- _PROVIDED DATA_
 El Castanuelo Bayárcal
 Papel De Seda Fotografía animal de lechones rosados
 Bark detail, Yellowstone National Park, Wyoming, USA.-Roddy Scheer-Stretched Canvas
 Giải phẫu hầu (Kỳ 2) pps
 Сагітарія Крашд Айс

==

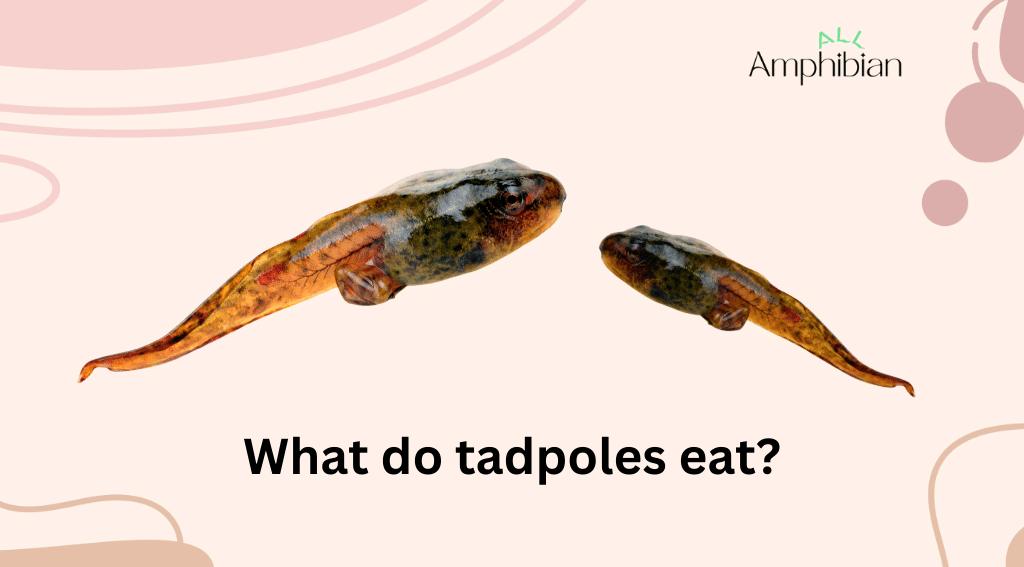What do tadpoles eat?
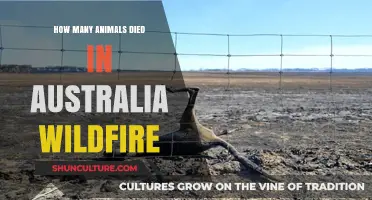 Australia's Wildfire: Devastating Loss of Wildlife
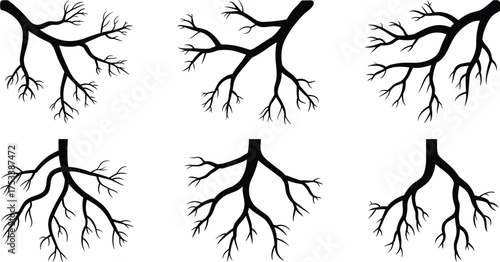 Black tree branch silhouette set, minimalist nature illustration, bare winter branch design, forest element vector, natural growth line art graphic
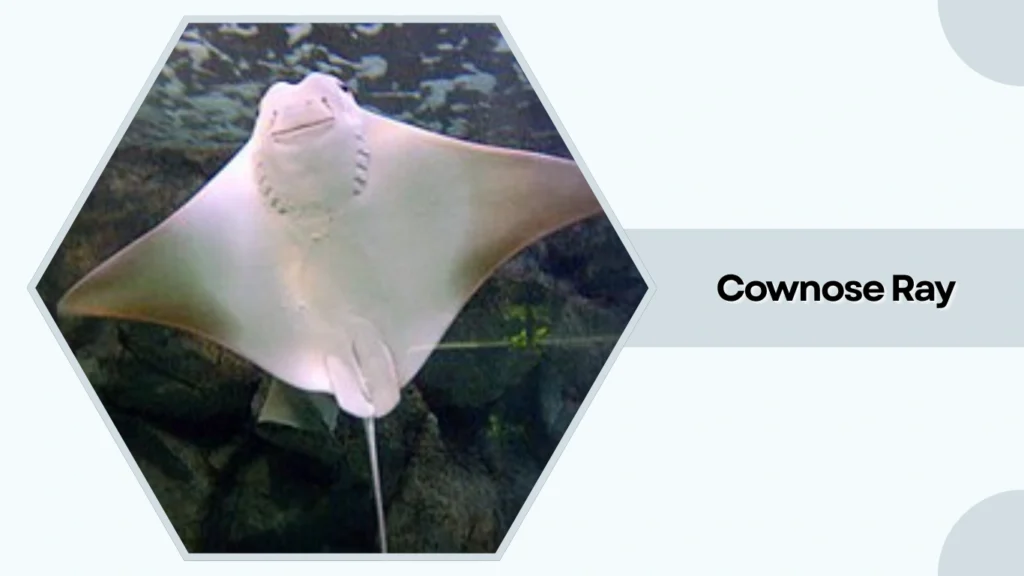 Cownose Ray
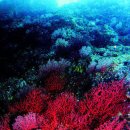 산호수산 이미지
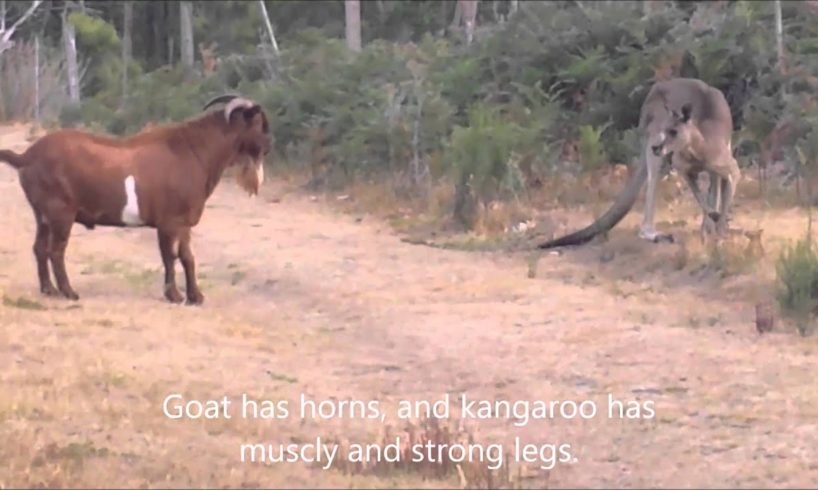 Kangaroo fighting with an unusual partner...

---

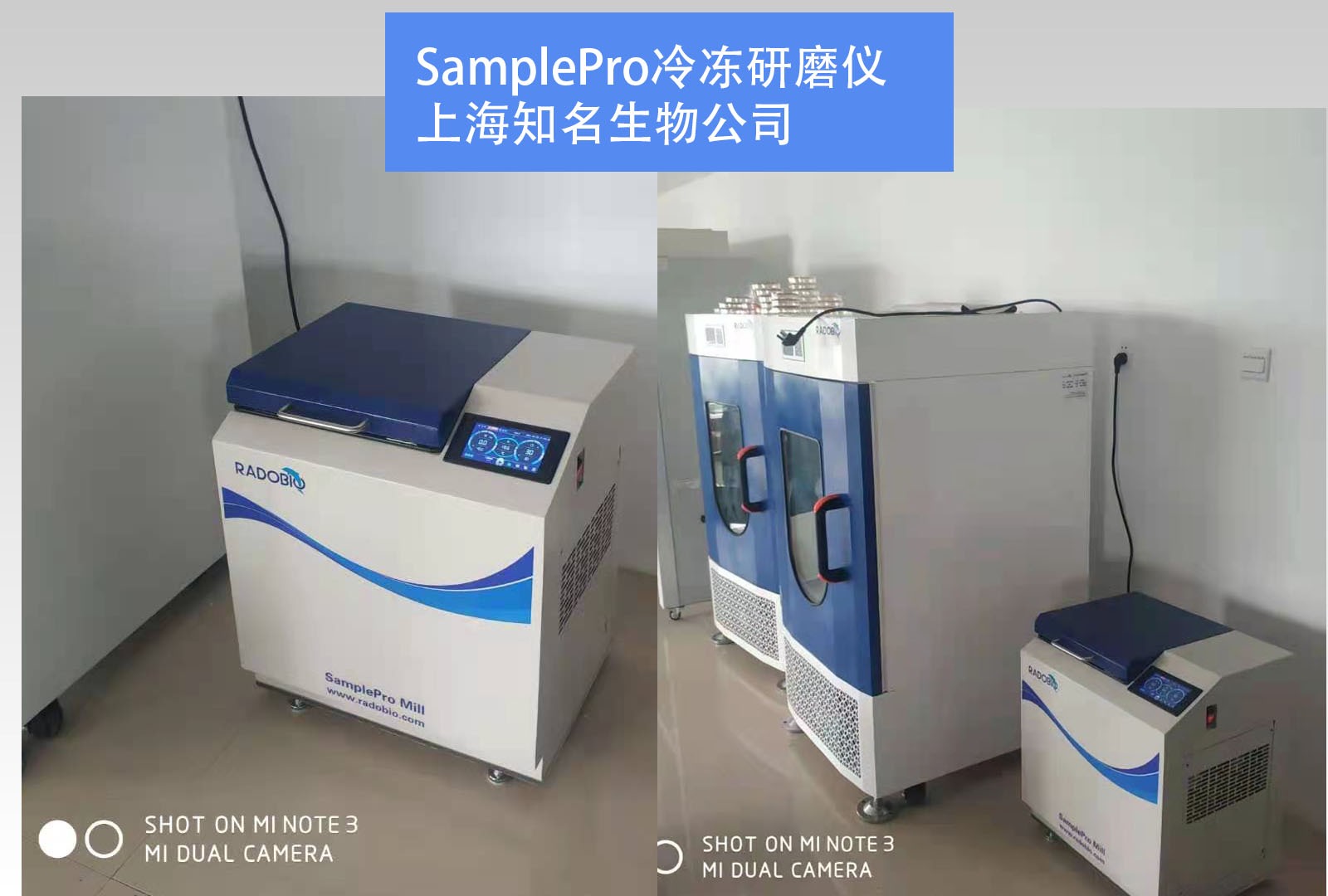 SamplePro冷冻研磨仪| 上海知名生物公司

- _YOUR GOAL_
Starting at the line above that contains "El Castanuelo Bayárcal", write out each line exactly until the line that contains "Сагітарія Крашд Айс" has been written, and stop there.

- _TASK ANSWER_
 El Castanuelo Bayárcal
 Papel De Seda Fotografía animal de lechones rosados
 Bark detail, Yellowstone National Park, Wyoming, USA.-Roddy Scheer-Stretched Canvas
 Giải phẫu hầu (Kỳ 2) pps
 Сагітарія Крашд Айс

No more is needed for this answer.